Trump is full of surprises; he is both leader and entertainer. Nearly nine hours into a long flight, a journey that had to U-turn over technical issues and embark on a new flight, Trump came straight to the Davos stage and spoke for nearly two hours without a sip of water. What he spoke about in Davos is another issue, but the way he stands and talks is unique in this 79-year-old man who is defining the world for the worse. Now Trump comes up with the Board of Peace, a ticket to membership that demands a one-billion-dollar entrance fee for permanent participation. It works, for how long nobody knows, but as long as Trump is there it might. Look at how many Muslim-majority and wealthy countries accepted: Saudi Arabia, Turkey, Egypt, Jordan, Qatar, Pakistan, Indonesia, and the United Arab Emirates are ready to be on board. Around 25–30 countries reportedly have already expressed the willingness to join.

The most interesting question, and one rarely asked by those who speak about Donald J. Trump, is how much he has earned during the first year of his second term. Liberal Democrats, authoritarian socialists, non-aligned misled-path walkers hail and hate him, but few look at the financial outcome of his politics. His wealth has increased by about three billion dollars, largely due to the crypto economy, which is why he pardoned the founder of Binance, the China-born Changpeng Zhao. “To be rich like hell,” is what Trump wanted. To fault line liberal democracy, Trump is the perfect example. What Trump is doing — dismantling the old façade of liberal democracy at the very moment it can no longer survive — is, in a way, a greater contribution to the West. But I still respect the West, because the West still has a handful of genuine scholars who do not dare to look in the mirror and accept the havoc their leaders created in the name of humanity.

Democracy in the Arab world was dismantled by the West. You may be surprised, but that is the fact. Elizabeth Thompson of American University, in her book How the West Stole Democracy from the Arabs, meticulously details how democracy was stolen from the Arabs. “No ruler, no matter how exalted, stood above the will of the nation,” she quotes Arab constitutional writing, adding that “the people are the source of all authority.” These are not the words of European revolutionaries, nor of post-war liberal philosophers; they were spoken, written and enacted in Syria in 1919–1920 by Arab parliamentarians, Islamic reformers and constitutionalists who believed democracy to be a universal right, not a Western possession. Members of the Syrian Arab Congress in Damascus, the elected assembly that drafted a democratic constitution declaring popular sovereignty — were dissolved by French colonial forces. That was the past; now, with the Board of Peace, the old remnants return in a new form.
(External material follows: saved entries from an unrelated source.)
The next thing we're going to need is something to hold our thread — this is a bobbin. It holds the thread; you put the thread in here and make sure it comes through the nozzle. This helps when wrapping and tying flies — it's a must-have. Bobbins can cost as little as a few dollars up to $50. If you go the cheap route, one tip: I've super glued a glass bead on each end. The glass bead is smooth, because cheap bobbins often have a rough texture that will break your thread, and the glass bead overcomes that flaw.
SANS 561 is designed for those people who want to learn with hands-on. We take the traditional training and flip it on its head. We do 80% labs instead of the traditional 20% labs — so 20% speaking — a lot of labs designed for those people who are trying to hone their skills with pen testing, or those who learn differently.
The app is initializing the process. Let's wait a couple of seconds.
Trump got one thing very clear among many others: Western liberal ideology is nothing but sophisticated doublespeak dressed in various forms. They go to West Asia, which they named the Middle East, and bomb Arabs; then they go to Myanmar and other places to protect Muslims from Buddhists. They go to Africa to “contribute” to livelihoods, while generations of people were ripped from their homeland, taken as slaves and sold.

How can Gramsci, whose 135th birth anniversary fell this week on 22 January, help us escape the present social-political quagmire? Gramsci was writing in prison under Mussolini’s fascist regime. He produced a body of work that is neither a manifesto nor a programme, but a theory of power that understands domination not only as coercion but as culture, civil society and the way people perceive their world. In the Prison Notebooks he wrote, “The crisis consists precisely in the fact that the old world is dying and the new cannot be born; in this interregnum a great variety of morbid phenomena appear.” This is not a metaphor. Gramsci was identifying the structural limbo that occurs when foundational certainties collapse but no viable alternative has yet emerged.
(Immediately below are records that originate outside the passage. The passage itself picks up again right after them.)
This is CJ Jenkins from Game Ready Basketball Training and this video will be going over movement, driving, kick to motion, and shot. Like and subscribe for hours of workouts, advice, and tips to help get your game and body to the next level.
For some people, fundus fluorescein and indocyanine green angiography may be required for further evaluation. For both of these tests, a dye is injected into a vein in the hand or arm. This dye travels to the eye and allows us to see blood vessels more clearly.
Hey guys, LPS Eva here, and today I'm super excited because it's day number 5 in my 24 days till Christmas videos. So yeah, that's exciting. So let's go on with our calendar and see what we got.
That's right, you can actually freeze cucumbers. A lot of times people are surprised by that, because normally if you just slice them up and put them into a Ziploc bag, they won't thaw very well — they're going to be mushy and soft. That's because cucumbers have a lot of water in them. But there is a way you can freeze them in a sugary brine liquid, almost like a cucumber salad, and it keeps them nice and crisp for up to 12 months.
The relevance of this insight today cannot be overstated. We are living through overlapping crises: environmental collapse, fragmentation of political consensus, erosion of trust in institutions, the acceleration of automation and algorithmic governance that replaces judgment with calculation, and the rise of leaders who treat geopolitics as purely transactional. Slavoj Žižek, in his column last year, reminded us that the crisis is not temporary. The assumption that history’s forward momentum will automatically yield a better future is a dangerous delusion. Instead, the present is a battlefield where what we thought would be the new may itself contain the seeds of degeneration. Trump’s Board of Peace, with its one-billion-dollar gatekeeping model, embodies this condition: it claims to address global violence yet operates on transactional logic, prioritizing wealth over justice and promising reconstruction without clear mechanisms of accountability or inclusion beyond those with money.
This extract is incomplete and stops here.